During our engagement, I heard a podcast host mention that he'd started saving for his wedding before he even met his wife. He knew he wanted something special someday, so he started early. That stuck with me. The financial pain of two years of saving would have felt like almost nothing if it was spaced out over ten years.
Ashley and I took that concept for things we knew were going to happen in the future. We now have separate savings accounts for things we know we’ll need or for things that haven't happened yet; daycare, a car, a house, future vacations, and even Christmas gifts. No kids yet, but we want them and know there is going to be a financial cost for daycare. The concept is simple but powerful: if you can anticipate a future expense, start making weekly deposits now.
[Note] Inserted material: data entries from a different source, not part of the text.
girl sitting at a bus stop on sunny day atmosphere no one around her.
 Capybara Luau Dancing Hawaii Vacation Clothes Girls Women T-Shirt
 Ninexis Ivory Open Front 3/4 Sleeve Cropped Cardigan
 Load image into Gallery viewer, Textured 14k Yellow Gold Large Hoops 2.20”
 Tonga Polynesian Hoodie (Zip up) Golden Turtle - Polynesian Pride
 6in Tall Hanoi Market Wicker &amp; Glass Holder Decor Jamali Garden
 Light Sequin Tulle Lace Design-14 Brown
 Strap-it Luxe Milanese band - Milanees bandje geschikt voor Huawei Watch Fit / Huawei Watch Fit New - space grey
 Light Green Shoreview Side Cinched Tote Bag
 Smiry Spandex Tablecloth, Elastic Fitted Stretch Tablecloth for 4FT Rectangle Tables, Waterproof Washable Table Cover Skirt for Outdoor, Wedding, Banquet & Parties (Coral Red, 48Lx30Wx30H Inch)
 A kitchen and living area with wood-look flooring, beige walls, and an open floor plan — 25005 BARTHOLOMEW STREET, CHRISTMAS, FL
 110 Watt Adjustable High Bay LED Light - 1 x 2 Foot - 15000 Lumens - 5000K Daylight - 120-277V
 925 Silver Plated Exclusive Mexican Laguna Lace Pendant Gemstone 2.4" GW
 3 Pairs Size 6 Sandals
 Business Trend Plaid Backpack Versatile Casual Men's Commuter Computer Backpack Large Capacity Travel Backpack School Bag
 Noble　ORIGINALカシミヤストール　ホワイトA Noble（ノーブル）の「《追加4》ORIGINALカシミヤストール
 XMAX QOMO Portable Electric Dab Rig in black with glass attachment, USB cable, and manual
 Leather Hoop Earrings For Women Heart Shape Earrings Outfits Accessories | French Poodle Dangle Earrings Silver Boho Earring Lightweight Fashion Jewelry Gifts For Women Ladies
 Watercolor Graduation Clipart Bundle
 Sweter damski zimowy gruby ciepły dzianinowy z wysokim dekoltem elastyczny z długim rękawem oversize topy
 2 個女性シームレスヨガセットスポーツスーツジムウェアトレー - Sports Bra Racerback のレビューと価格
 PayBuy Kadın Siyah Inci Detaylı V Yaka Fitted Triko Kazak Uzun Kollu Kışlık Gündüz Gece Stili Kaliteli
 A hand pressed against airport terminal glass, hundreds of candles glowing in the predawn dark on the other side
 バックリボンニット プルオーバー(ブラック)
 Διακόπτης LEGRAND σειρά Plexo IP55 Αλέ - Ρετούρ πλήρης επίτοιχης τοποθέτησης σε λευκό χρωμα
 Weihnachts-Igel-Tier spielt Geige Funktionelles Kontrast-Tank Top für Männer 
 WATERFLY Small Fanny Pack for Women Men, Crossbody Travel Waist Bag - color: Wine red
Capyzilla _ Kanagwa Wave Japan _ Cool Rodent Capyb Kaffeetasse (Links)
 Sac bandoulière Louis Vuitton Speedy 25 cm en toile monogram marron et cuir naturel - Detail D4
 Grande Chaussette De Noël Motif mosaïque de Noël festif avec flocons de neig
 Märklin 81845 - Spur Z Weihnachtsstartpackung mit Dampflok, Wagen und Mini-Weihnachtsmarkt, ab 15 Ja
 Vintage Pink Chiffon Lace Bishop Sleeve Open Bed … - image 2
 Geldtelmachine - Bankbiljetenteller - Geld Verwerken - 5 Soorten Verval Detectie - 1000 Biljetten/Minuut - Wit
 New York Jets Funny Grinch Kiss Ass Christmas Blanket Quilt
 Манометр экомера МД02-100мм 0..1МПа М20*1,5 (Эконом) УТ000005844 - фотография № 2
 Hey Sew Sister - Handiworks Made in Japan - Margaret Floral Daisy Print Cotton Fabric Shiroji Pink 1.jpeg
A little discomfort today prevents a crisis tomorrow.
Here's where your health comes in — because it works exactly the same way.
Your body runs on the same math as your bank account.
Every workout, every good night of sleep, every healthy meal is a deposit. Skip enough of them and you're not just stagnant, you're overdrawn. What makes this exciting, though, is that health compounds just like money does. Someone who has been moving consistently for 20 years doesn't just have a stronger body. They have better balance, bone density, coordination, and resilience that can't be built overnight. The returns stack quietly in the background while you're living your life and one day you look up and realize you're wealthy in a way that no one can take from you. You have your health.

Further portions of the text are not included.